Image-text web data
━━━━━━━━━━

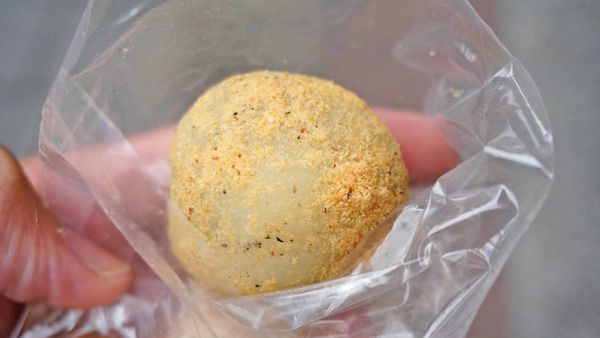 【台北美食】不老客家傳統麻糬-排隊人潮幾乎不間斷的爆強排隊美食 【台北美食】不老客家傳統麻糬-排隊人潮幾乎不間斷的爆強排隊美食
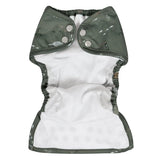 Perlimpinpin - Couche de piscine bummies 10-35lb - Mer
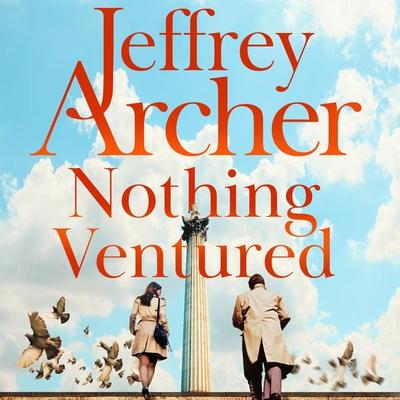 Nothing Ventured - Jeffrey Archer, Audio, 9781529009262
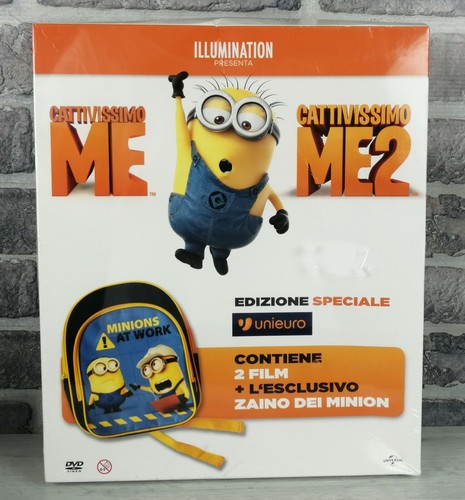Cattivissimo dvd - dvd, +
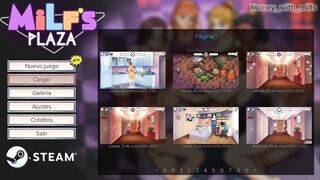 MILF PLAZA #37 || ALL CHRISTIE'S SCENES PART ONE - 6 image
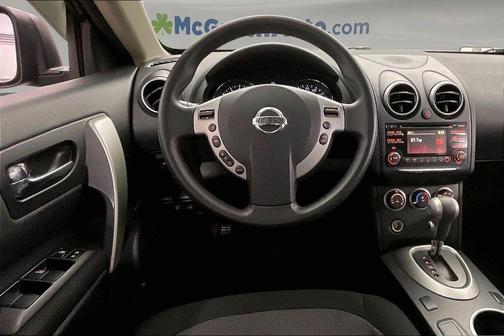Black Amethyst Metallic 2013 Nissan Rogue SV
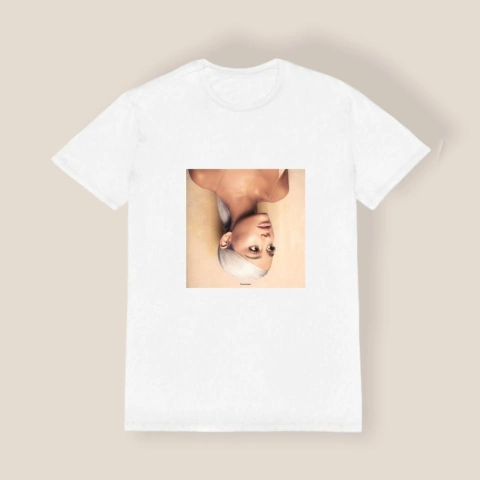 Remera Ariana Grande Sweetener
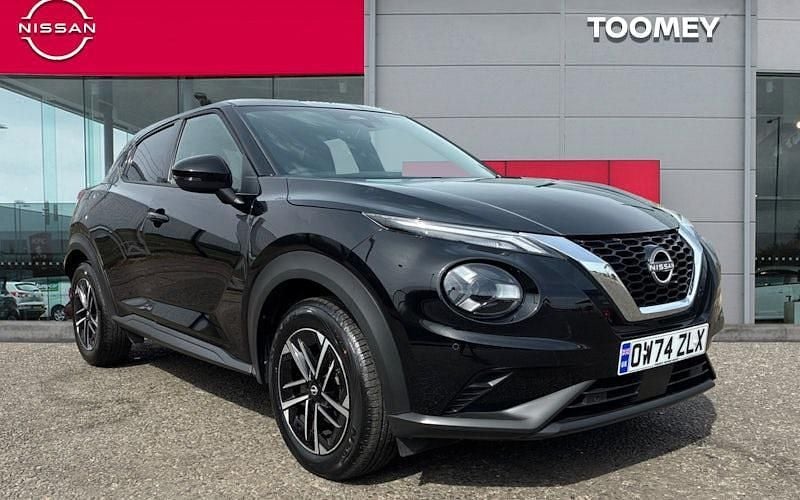Gebraucht Nissan Juke N-Connecta 114 PS (83 kW) 2026 SUV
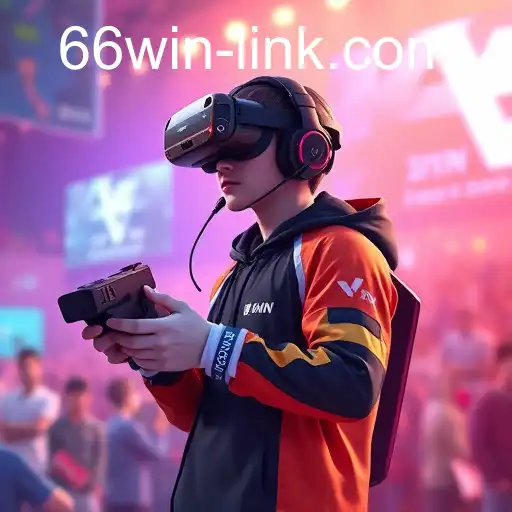 Exploring the Digital Arena: 66WIN Link's Influence on Gaming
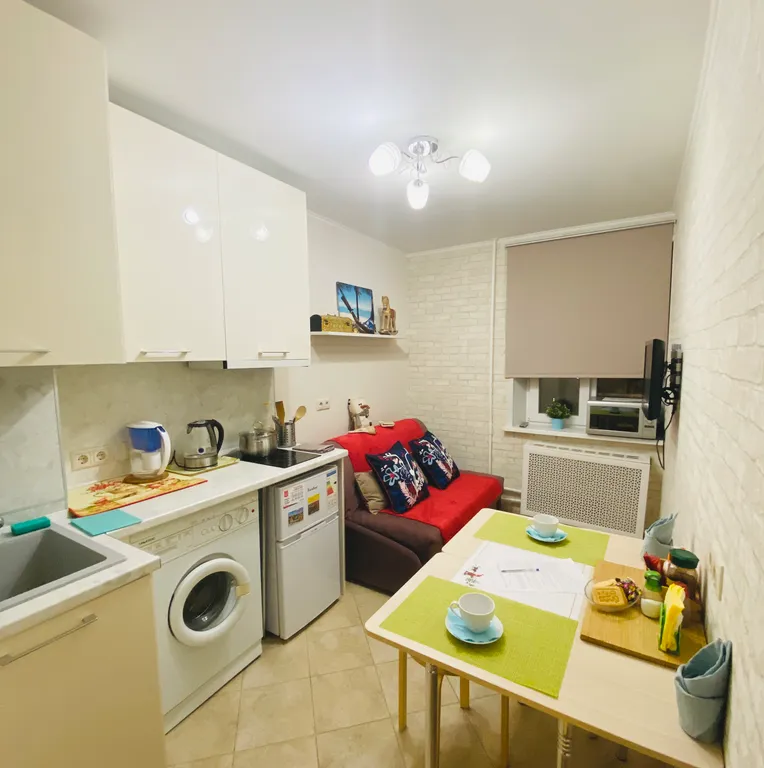 Квартира Квартира Miami apartments 2+2+1 — Москва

━━━━━━━━━━

Every record above should reappear exactly, with the pictures gone.

• FINISHED EXERCISE:
 【台北美食】不老客家傳統麻糬-排隊人潮幾乎不間斷的爆強排隊美食 【台北美食】不老客家傳統麻糬-排隊人潮幾乎不間斷的爆強排隊美食
 Perlimpinpin - Couche de piscine bummies 10-35lb - Mer
 Nothing Ventured - Jeffrey Archer, Audio, 9781529009262
Cattivissimo dvd - dvd, +
 MILF PLAZA #37 || ALL CHRISTIE'S SCENES PART ONE - 6 image
Black Amethyst Metallic 2013 Nissan Rogue SV
 Remera Ariana Grande Sweetener
Gebraucht Nissan Juke N-Connecta 114 PS (83 kW) 2026 SUV
 Exploring the Digital Arena: 66WIN Link's Influence on Gaming
 Квартира Квартира Miami apartments 2+2+1 — Москва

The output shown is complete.